Following the presentation, we will allow time for questions and further discussion..

With that, I'd like to turn it over to Brad Elliott. .

Brad Elliott Founder, Chairman & Chief Executive Officer

Good morning. I'm Brad Elliott, Chairman and CEO of Equity Bancshares. Here with me today is our CFO, Greg Kossover. Thank you for joining the Equity Bancshares Second Quarter 2018 Earnings Call..

I am pleased to report second quarter core earnings, defined as after-tax net [indiscernible] merger expenses, was another record for our company. Our credit quality remains strong. Our net interest margin continues to be solid, and our balance sheet growth continues to be responsible.

This comes as a result of the hard work from the Equity Bank team, both through mergers and through the organic efforts of our outstanding production, operating and support teams day-to-day at our bank..

We've been fortunate to operate in an environment and geography conducive to mergers and to have a stock which has been supported by the investment community. This combination allows us to grow through mergers, and we will update you later in the call on that activity..

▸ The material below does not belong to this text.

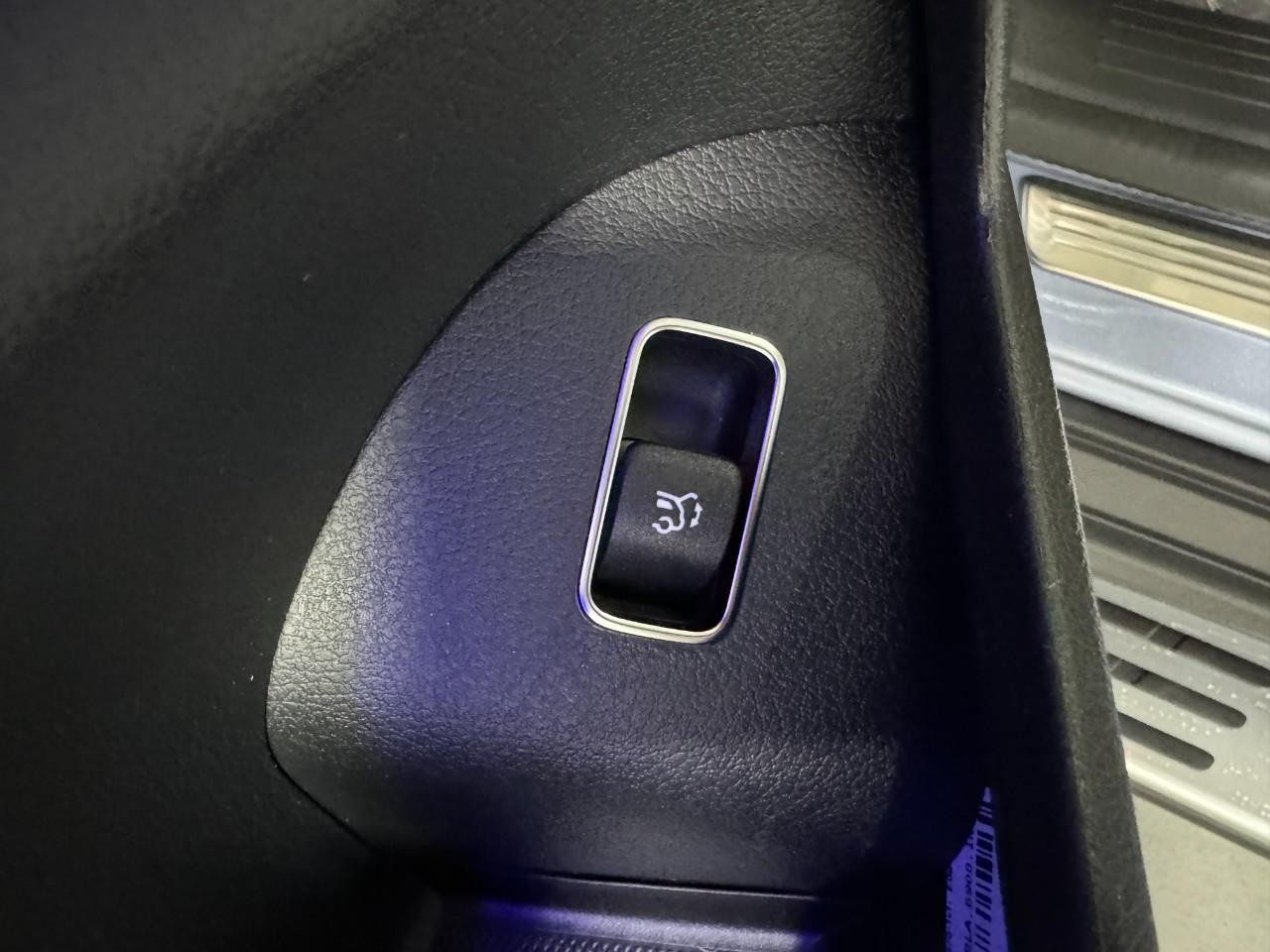 Mercedes-Benz GLE Vehicle Full-screen Gallery Image 28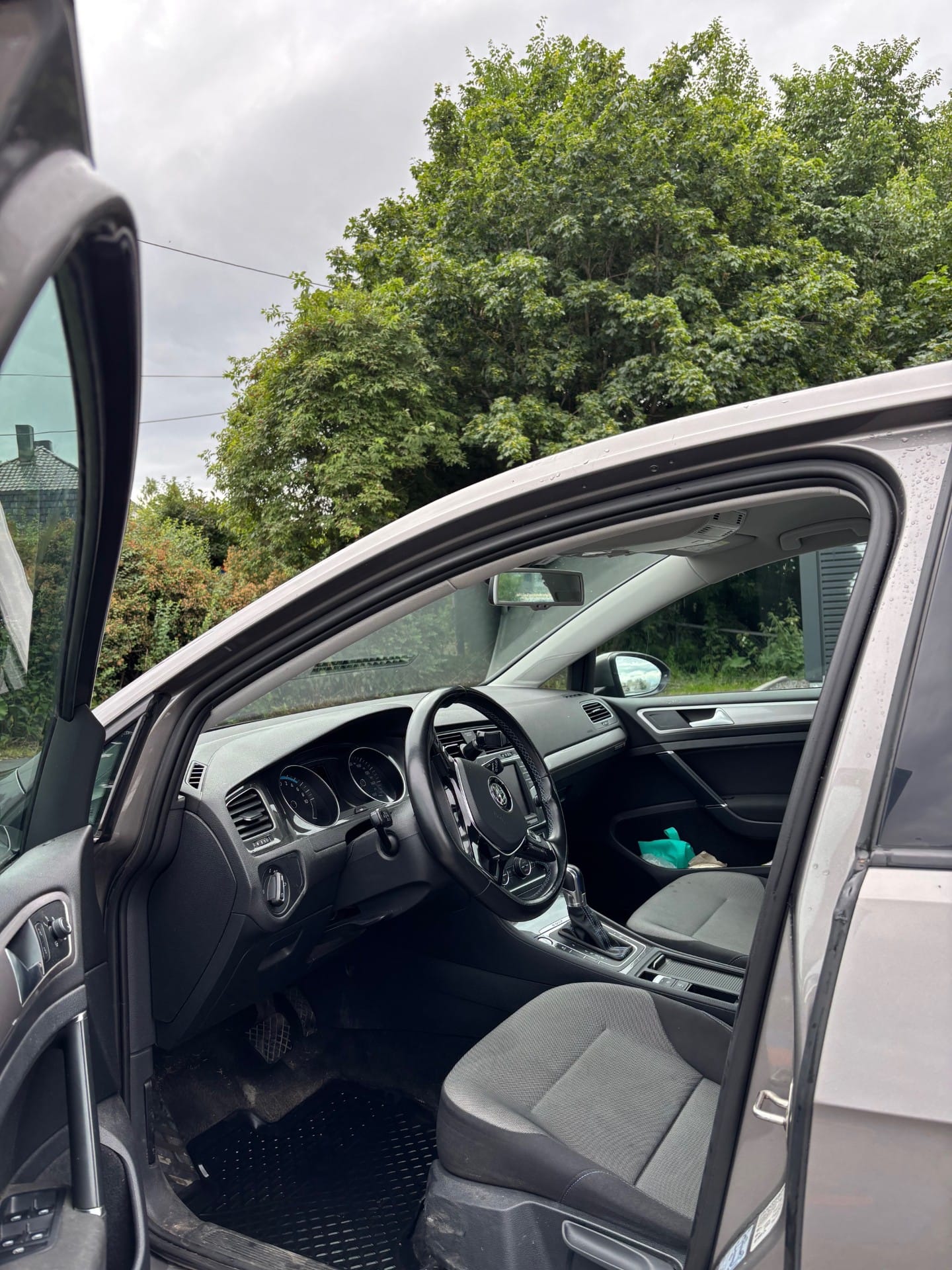 Volkswagen e-Golf mit Autoradio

But first, I want to personally thank each of our market leaders and their teams for their hard work and dedication to our organic goals as we enter the second half of 2018..

The markets we operate in continue to be competitive, and that most definitely means our competitors must contend with the Equity Bank franchise, our talented bankers and our growing suite of services.

These include new treasury products, new card services, new deposit products, automating our small business lending platform and upgrading our platform to offer commercial customers better terms on rate hedges for rising interest rate..

Specifically, I would like to express my gratitude to Wendell Bontrager, who leads or community markets; and Craig Anderson, who leads our metro markets.

Assisting Wendell is Patrick Harbert, who leads Mike Mense and his team in Western Kansas, Mark Detten and his team in markets of Northern Oklahoma and Southeast Kansas, Josh Means and his team in Western Missouri, Dave Morton and his team in Northern Arkansas and our latest addition, Tina Call and her team in Southwest Kansas.

These folks continue to manage their retail and credit portfolios for both growth and quality, and we are fortunate to have these talented bankers leading teams in our franchise..

Also, it is a pleasure for Greg and I to work alongside Mark Parman in Kansas City, Jeremy Machain at Wichita and Mike Bezanson in Tulsa, as these individuals lead their teams in their metro markets with the experience and care necessary in those competitive environments..

We have undergone substantial change in the makeup of our team, and I am proud of all the bankers as they represent Equity Bank as we have grown to nearly $4 billion in 50 locations in 4 states. This growth does not come easily, but it is well worth the effort..

Our stock price has grown from $22.50 when we went public in November 2015 to $30.64 at June 30, 2017, to $43.12 earlier this week. From IPO to this week, that is point-to-point growth of 90%..

We've also been careful to protect tangible book value by using capital efficiently, protecting core earnings and entering mergers that have responsible earnback of less than 3 years. We have completed 7 mergers since our IPO, and we have announced our Guymon, Oklahoma merger, which is scheduled to be completed earlier in the fourth quarter..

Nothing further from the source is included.